Both giving the same result, which is: (5.264914, 5.687991)

b) Create a 95% CI for those individuals who do not engage in intensive work during high school. Interpret this interval.

We start again by subsetting rows according to the given criteria, this time we want all the rows that have the variable int1wksc = 0

# Subset data
mydata1 <- nlsy %>% filter(int1wksc == 0 )

Since in the previous question, I have shown how to calculate a 95% confidence interval by hand, I will just let R function to handle the job this time:

t.test(mydata1$grades8)

## 
##  One Sample t-test
## 
## data:  mydata1$grades8
## t = 100.8, df = 882, p-value < 2.2e-16
## alternative hypothesis: true mean is not equal to 0
## 95 percent confidence interval:
##  5.642234 5.866321
## sample estimates:
## mean of x 
##  5.754278

So the 95% confidence interval is: (5.642234, 5.866321). It means for students who do not engage in intensive work during high school, we are 95% confident that their mean grade is going to fall between (5.642234, 5.866321).

c) Based on a comparison of these two intervals, what can you infer regarding the grades of those who do and do not work? What does this imply for proponents of a ‘limit’ law on hours of work at least regarding effects on schooling?

Recall that the 95% confidence interval for individuals who do work is (5.264914, 5.687991), and for those who do not work is: (5.642234, 5.866321). It seems that students who do not work generally perform better academically then students who do work. However, since the two confidence intervals OVERLAP, the difference in academic performance between the two groups of students is not statistically significant.

Therefore, our result provides no substantial evidence for limiting hours of work for high school students.

d) Now repeat parts a and b this time by creating a 98% confidence interval. How do your results change?

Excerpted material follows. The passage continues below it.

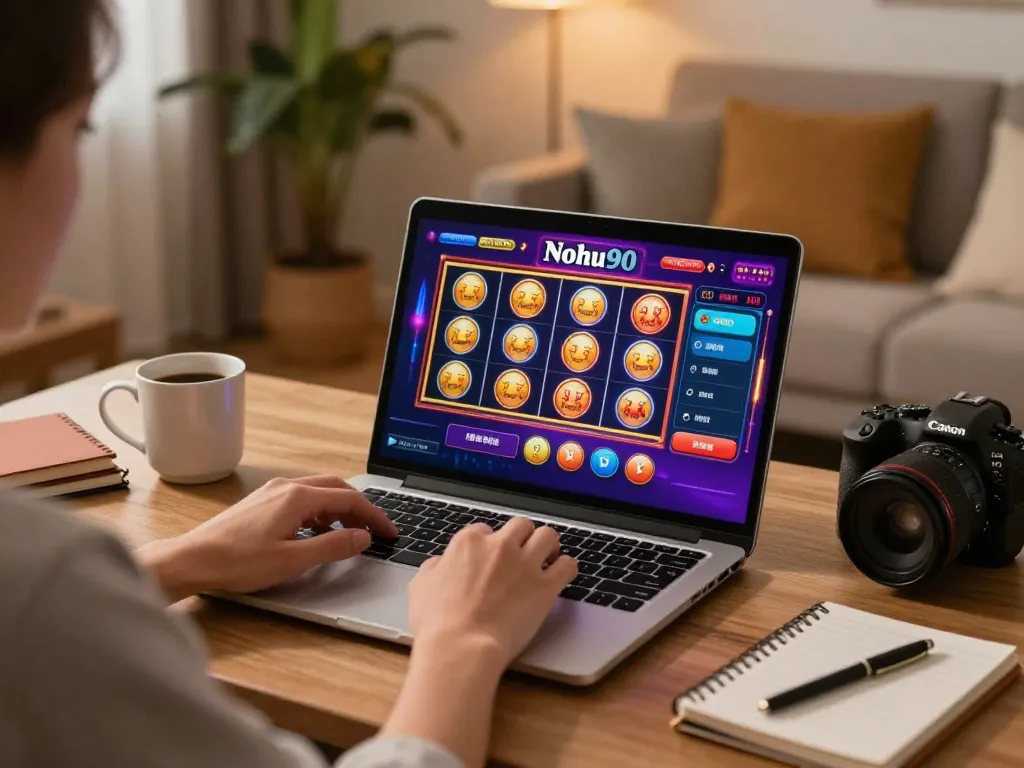 Person playing Nohu90 online casino on a laptop in a cozy home setting.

The 98% confidence interval for both can be calculated by:

# Students who do work
t.test(mydata$grades8, conf.level = .98)

## 
##  One Sample t-test
## 
## data:  mydata$grades8
## t = 50.991, df = 247, p-value < 2.2e-16
## alternative hypothesis: true mean is not equal to 0
## 98 percent confidence interval:
##  5.224968 5.727936
## sample estimates:
## mean of x 
##  5.476452

# Students who do not work
t.test(mydata1$grades8, conf.level = .98)

## 
##  One Sample t-test
## 
## data:  mydata1$grades8
## t = 100.8, df = 882, p-value < 2.2e-16
## alternative hypothesis: true mean is not equal to 0
## 98 percent confidence interval:
##  5.621230 5.887325
## sample estimates:
## mean of x 
##  5.754278

So, for students who work, the 98% CI is: (5.224968, 5.727936); for students who do not work, the 98% CI is: (5.621230, 5.887325).

The confidence interval for both gets larger in range. This is expected, because as we loook for more confidence, we lose some accuracy.

Problem 3

A University task force on health and safety wishes to crack down on campus-wide drinking. In order to market message, the staff wishes to find out the actual percentage of college students who engage in binge drinking at least once a week and be accurate within 2 percent either way. (Binge drinking is defined by consumption of 5 or more alcoholic beverages in a night.) The task force wants to be 95% certain of their estimate, and they appoint you to find this out. How many students should we then sample? State any assumptions you need to make.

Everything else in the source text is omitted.